-- TASK DESCRIPTION --
Give the lines again exactly as they appear below, from the line with "Yankees relief pitcher" to the line with "Hanorac cu glugă", both included, and only those lines. Leave every picture out.

-- DATA RECORDS --
--
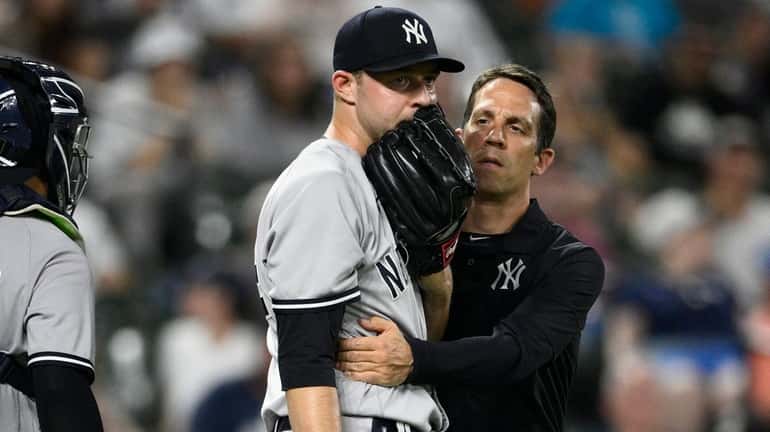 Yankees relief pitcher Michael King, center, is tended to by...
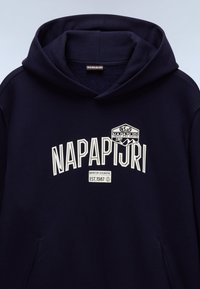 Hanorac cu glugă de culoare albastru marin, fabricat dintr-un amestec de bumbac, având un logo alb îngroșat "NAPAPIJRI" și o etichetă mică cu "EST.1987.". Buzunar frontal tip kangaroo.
--
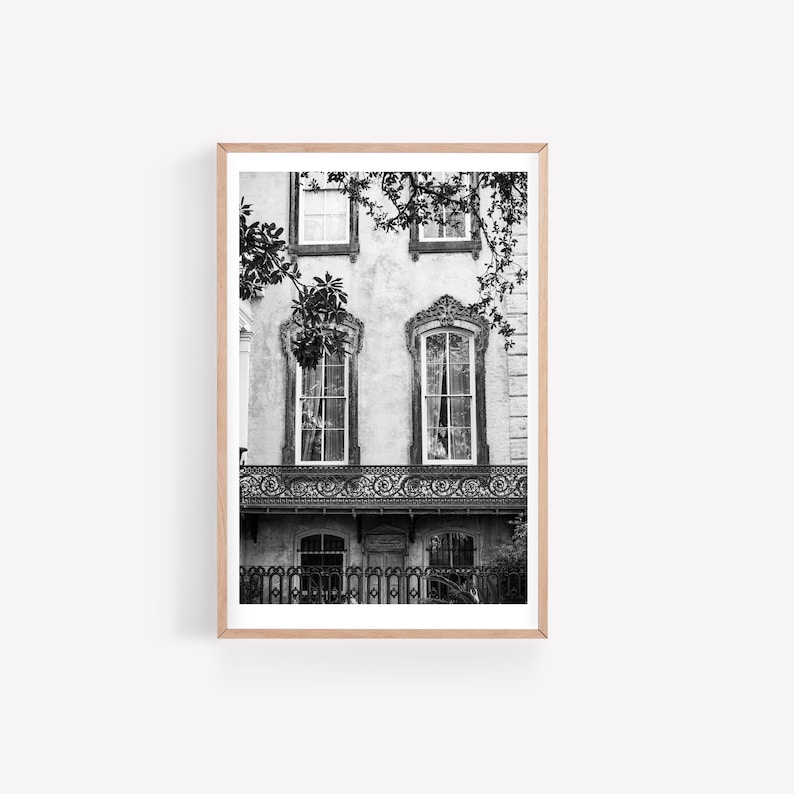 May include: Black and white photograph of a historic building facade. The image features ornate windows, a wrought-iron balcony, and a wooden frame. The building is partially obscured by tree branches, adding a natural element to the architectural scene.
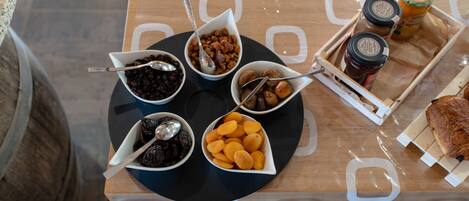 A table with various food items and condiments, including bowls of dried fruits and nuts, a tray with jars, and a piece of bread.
--
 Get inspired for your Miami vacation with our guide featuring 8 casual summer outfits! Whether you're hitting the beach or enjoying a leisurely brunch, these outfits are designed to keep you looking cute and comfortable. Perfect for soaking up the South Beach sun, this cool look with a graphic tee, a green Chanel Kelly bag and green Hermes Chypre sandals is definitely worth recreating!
--
-- RESULT FOR THIS EXERCISE --
 Yankees relief pitcher Michael King, center, is tended to by...
 Hanorac cu glugă de culoare albastru marin, fabricat dintr-un amestec de bumbac, având un logo alb îngroșat "NAPAPIJRI" și o etichetă mică cu "EST.1987.". Buzunar frontal tip kangaroo.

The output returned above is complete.